A broker-dealer agreed to pay $5.5 million to settle FINRA charges for failure to implement adequate supervisory procedures and safeguards with regard to the short sales of equity securities under Regulation SHO.

In the Letter of Acceptance, Waiver and Consent, FINRA alleged that Interactive Brokers LLC ("Interactive"), over the span of roughly three years, (i) neglected to close out open fail-to-deliver ("FTD") positions in a timely and proper manner on over 2,000 occasions, (ii) engaged in short sales in equity securities without first borrowing or arranging to borrow the securities, and (iii) failed to inform certain customers that their short sale orders were subject to the pre-borrow restriction due to an open FTD in the security.
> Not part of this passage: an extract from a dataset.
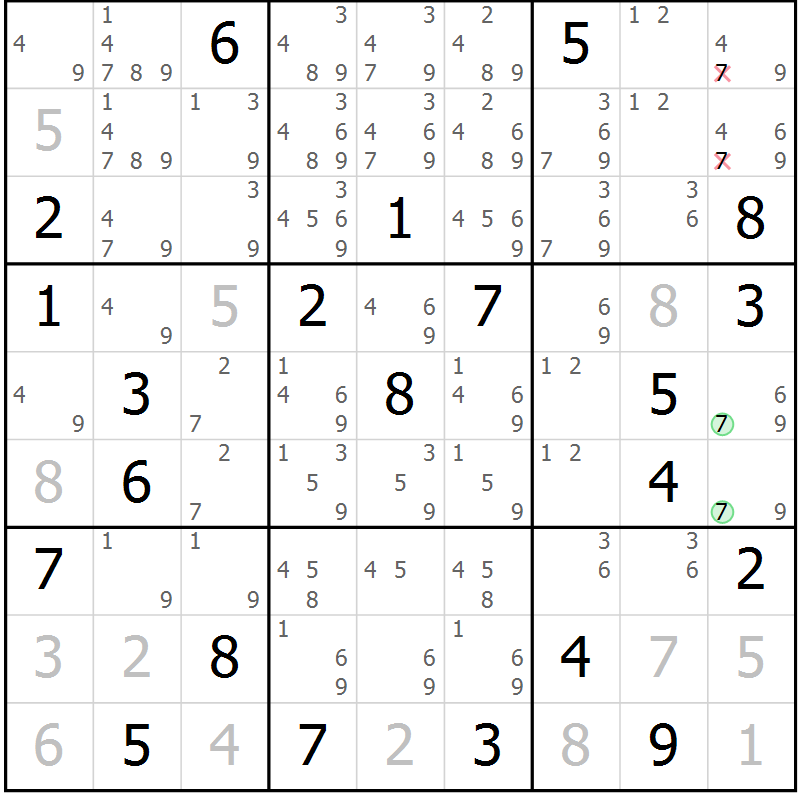 Position des candidats pour la solution de la Gr 131 page 134 du magazine de sudoku Giga sudoku niv 6-8 n° 016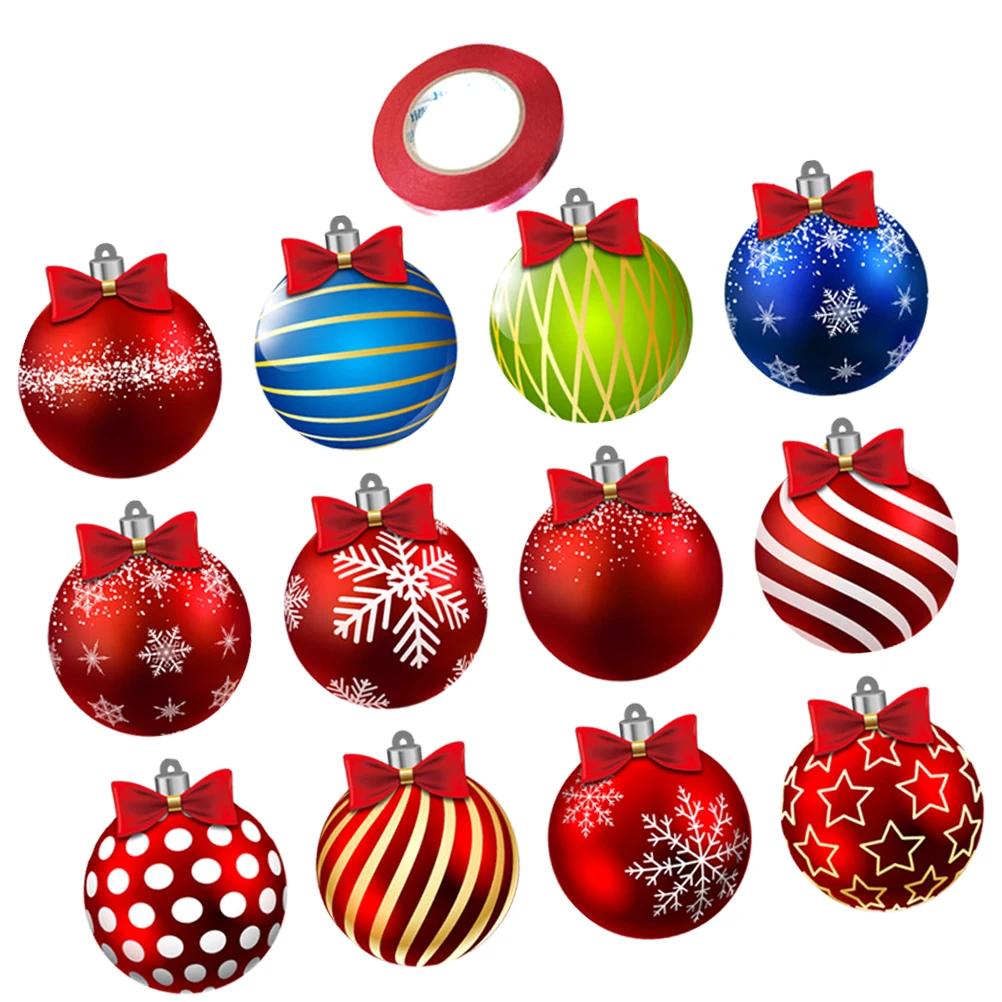 

12 Sheets Tree Decoration Pendant Christmas Ornaments to Decorate Pvc Decorative Ball Pendants for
Additionally, FINRA alleged that Interactive failed to ensure that its automated monitoring system for securities was not enforcing short sale price restrictions under SEC Rule 201. Accordingly, Interactive's automated system allowed for the execution or display of over 4,700 short sale orders in covered securities at a price less than or equal to the national best bid. Although Interactive knew in 2013 that the responsible individual was not ensuring the firm's compliance with Rule 201, Interactive failed to take any corrective action towards the individual until January 2014 or revise its supervisory systems until mid-2015.

Interactive neither admitted to nor denied the charges.